[Dataset items]

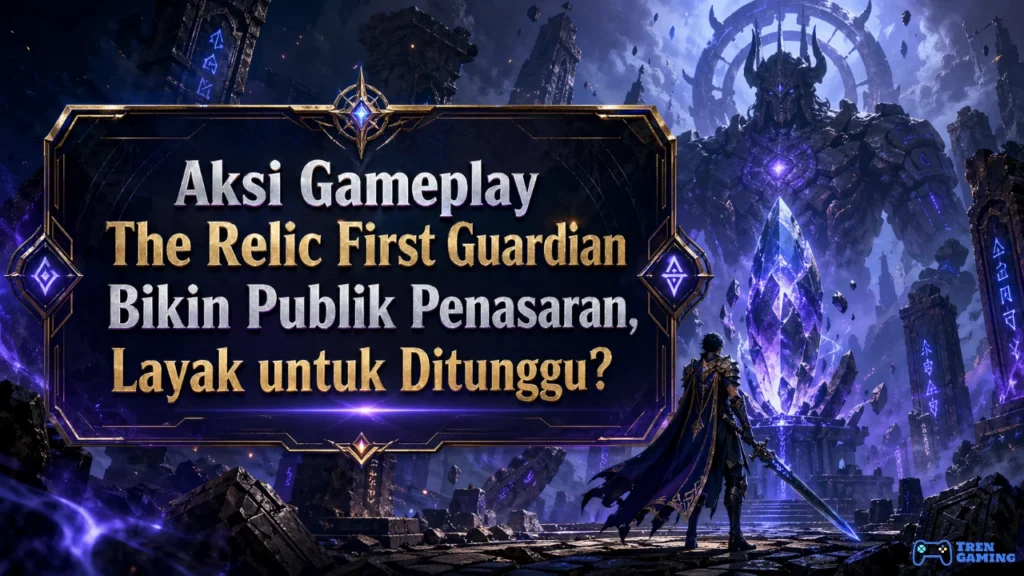 Aksi Gameplay The Relic First Guardian Bikin Publik Penasaran, Layak untuk Ditunggu?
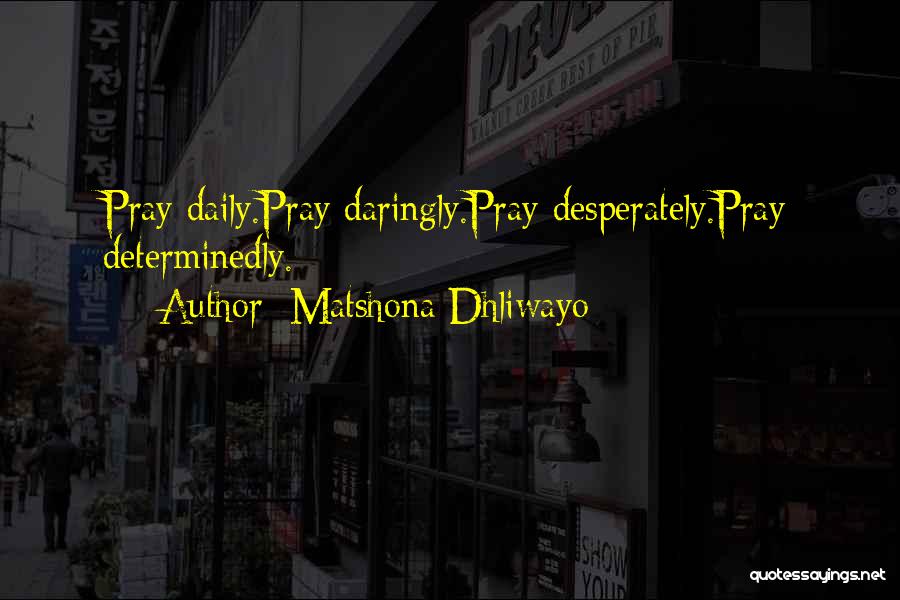 Matshona Dhliwayo Quotes: Pray Daily.pray Daringly.pray Desperately.pray Determinedly.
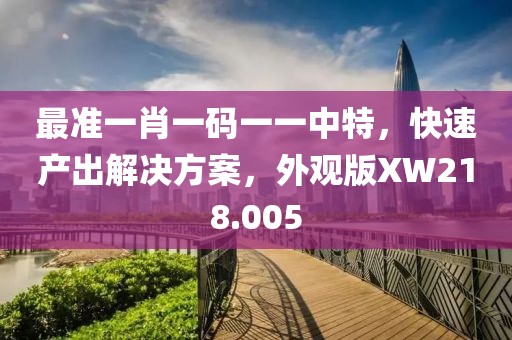 最准一肖一码一一中特，快速产出解决方案，外观版XW218.005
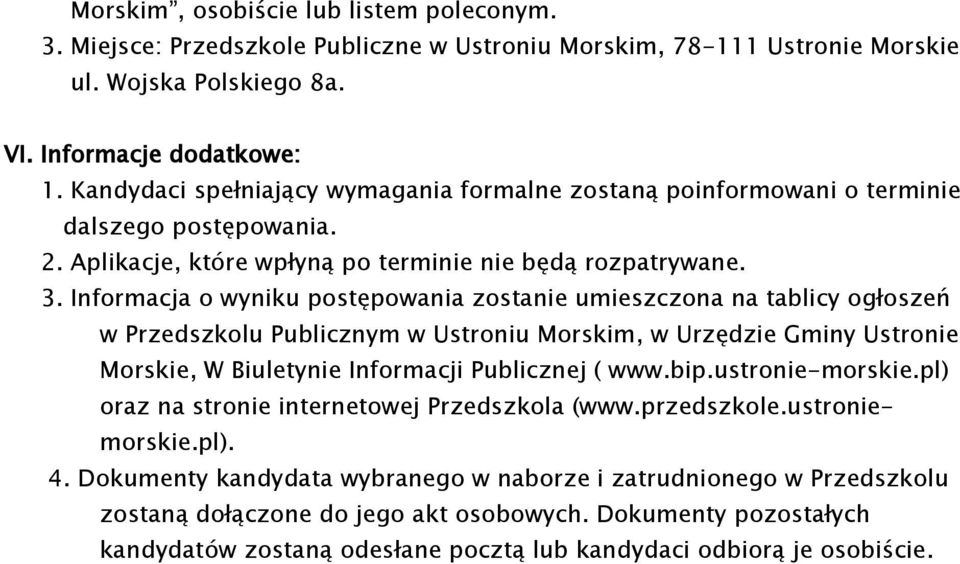 Informacja o wyniku postępowania zostanie umieszczona na tablicy ogłoszeń w Przedszkolu Publicznym w Ustroniu Morskim, w Urzędzie Gminy Ustronie Morskie, W Biuletynie Informacji Publicznej ( www.bip.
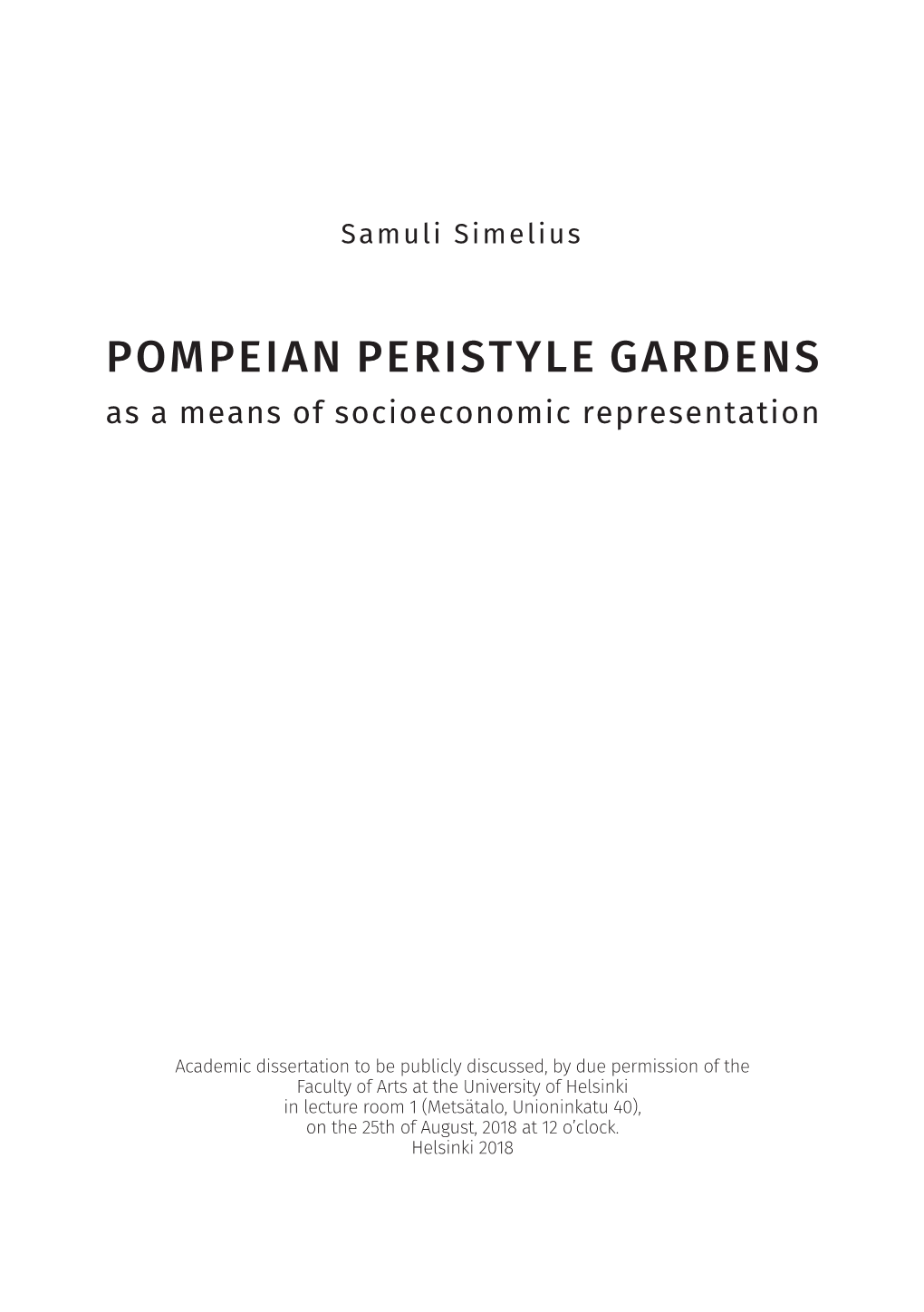 POMPEIAN PERISTYLE GARDENS As a Means of Socioeconomic Representation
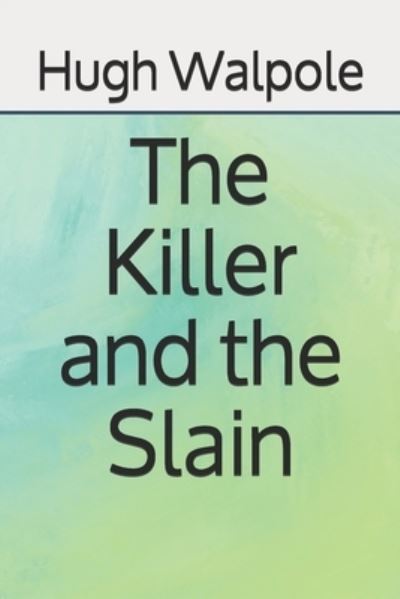 The Killer and the Slain - Hugh Walpole - Books - Independently Published - 9798689334349 - September 24, 2020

**YOUR ASSIGNMENT:** Please reproduce every record exactly as written, excluding the pictures.

**ANSWER SECTION:**
 Aksi Gameplay The Relic First Guardian Bikin Publik Penasaran, Layak untuk Ditunggu?
 Matshona Dhliwayo Quotes: Pray Daily.pray Daringly.pray Desperately.pray Determinedly.
 最准一肖一码一一中特，快速产出解决方案，外观版XW218.005
 Informacja o wyniku postępowania zostanie umieszczona na tablicy ogłoszeń w Przedszkolu Publicznym w Ustroniu Morskim, w Urzędzie Gminy Ustronie Morskie, W Biuletynie Informacji Publicznej ( www.bip.
 POMPEIAN PERISTYLE GARDENS As a Means of Socioeconomic Representation
 The Killer and the Slain - Hugh Walpole - Books - Independently Published - 9798689334349 - September 24, 2020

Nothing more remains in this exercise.